Özel'in konuşmasından öne çıkanlar:
"ERDOĞAN İLE GELECEK HAFTA GÖRÜŞECEĞİZ"
Erdoğan'la görüşme tarihimiz gelecek hafta içerisinde olacağı kesinleşti. Yarın gününü ve saatini paylaşma imkanımız olacak. Bu önemli bir görüşme, ben siyasette herkesin herkesle görüşmesini savunuyorum. Normalleşme dediğimiz bir dönem.
ERDOĞAN - AKŞENER GÖRÜŞMESİ
Ben Meral Akşener'i bayramda aradım. Bunlar insani şeyler. İnsani duygularını kaybeden siyasetçilerin memlekete kazandıracağı hiçbir şey yok. Umarım her iki tarafın da memnun ayrıldığı bir temas gerçekleşiyordur. Biz de dikkatle takip ediyoruz.
"BİZ İYİ PARTİ'Yİ ÖNEMSİYORUZ"
Tam 487'si CHP'li. Millet böyle ödüllendirdi CHP'nin geçmiş siyasetini, İYİ Parti'nin de 2 delegesi var. Bugün İYİ Parti'ye en üst yönetimde 14 kişilik bir yer verdik. Efendim Müsavat Bey, geçen hafta sonu sert konuştu, bugün de. Biz normalde kimsenin aklından geçmeyen bir şeyi teklif edebiliyoruz. Gerçekten normalinin bu olduğunu düşünüyoruz. Son seçimde çok az belediye kazanmış olabilir. Sadece 2 delegesi olabilir. Biz İYİ Parti'yi bu ülkenin önemli bir siyasi partisi olarak görüyoruz. Biz İYİ Parti'yi önemsiyoruz, çünkü onlara oy veren iyi insanları önemsiyoruz. Yöneticilerin sertleşmesi, iyi insanları kötü insan yapmaz. Ben asla ve asla bu tip tartışmaların içine girmem. Yoksa verilecek çok cevap var. Bundan sizin, bizim, bu ülkenin yoksul, işsiz insanlarının, mutsuz insanlarının ne çıkarı var?

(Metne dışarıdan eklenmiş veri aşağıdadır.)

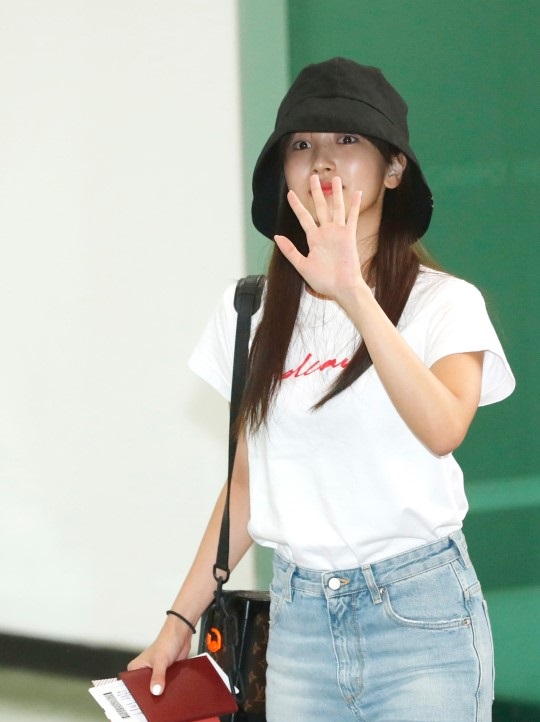  트와이스 미나, 오늘 韓 입국 중 눈물..."활동재개는 아직"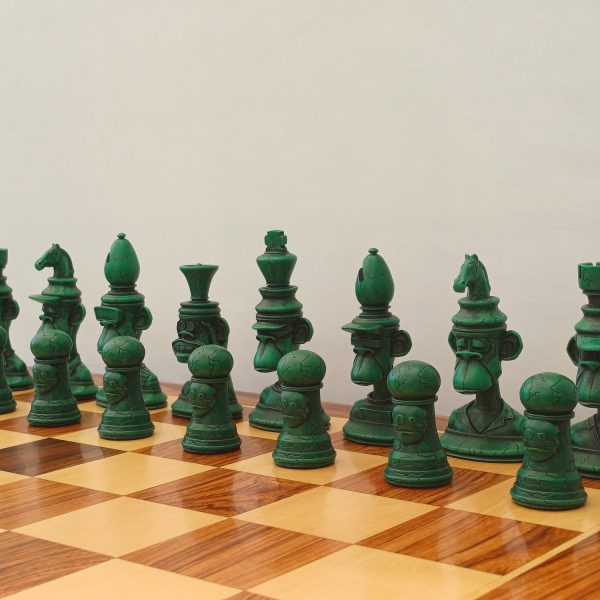 Bored Ape Yacht Club Chess Set – GREEN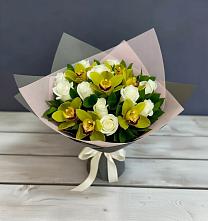 Букет цветов из:  Орхидеи и Розы в Суслонгере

Müsavat Dervişoğlu ile Özgür Özel birbirinin kaşını gözünü yarsa bir garibanın karnı doyuyor mu?
"BİZ SEÇİMDEN SONRA MİLLETİN DERDİNİ ANLATMAYA DEVAM EDİYORUZ"
Doymuyor. Aksine bu düzen dönmek için kendine fırsat buluyor. Biz normalleşme meselesinden hem müzakereyi hem en çetin mücadeleyi. Hepimiz miting yaptık. Biz seçimden sonra miting meydanlarını doldurmaya, milletin derdini anlatmaya devam ediyoruz. Herkese tavsiye ederim. Millet çok memnun oluyor. Böyle devam etmek gerekiyor. Sadece şunu söyleyeyim; Müsavat Bey nitelemiş diye söyleyeyim, kesinlikle nitelediği gibi bir ilişkimiz olmadı. 'Evladımın baskısına dayanamıyorum, baba evine niye dönmüyorsun, Atatürk'ün partisine niye gitmiyorsun, diyor kızım, beni en çok ikna eden kızım oldu' milletvekilimiz. Biz kimsenin milletvekiline ne kanca atarız, ne bir başka şey yaparız. 'Baba evine dönmek istiyorum' diyen milletvekiline ne diyeceksiniz? Ben ittifaklar arası milletvekili geçişini sorunlu buldum. Erdoğan'a itirazla oy toplayıp, Erdoğan'ın partisine giden var İYİ Parti'de.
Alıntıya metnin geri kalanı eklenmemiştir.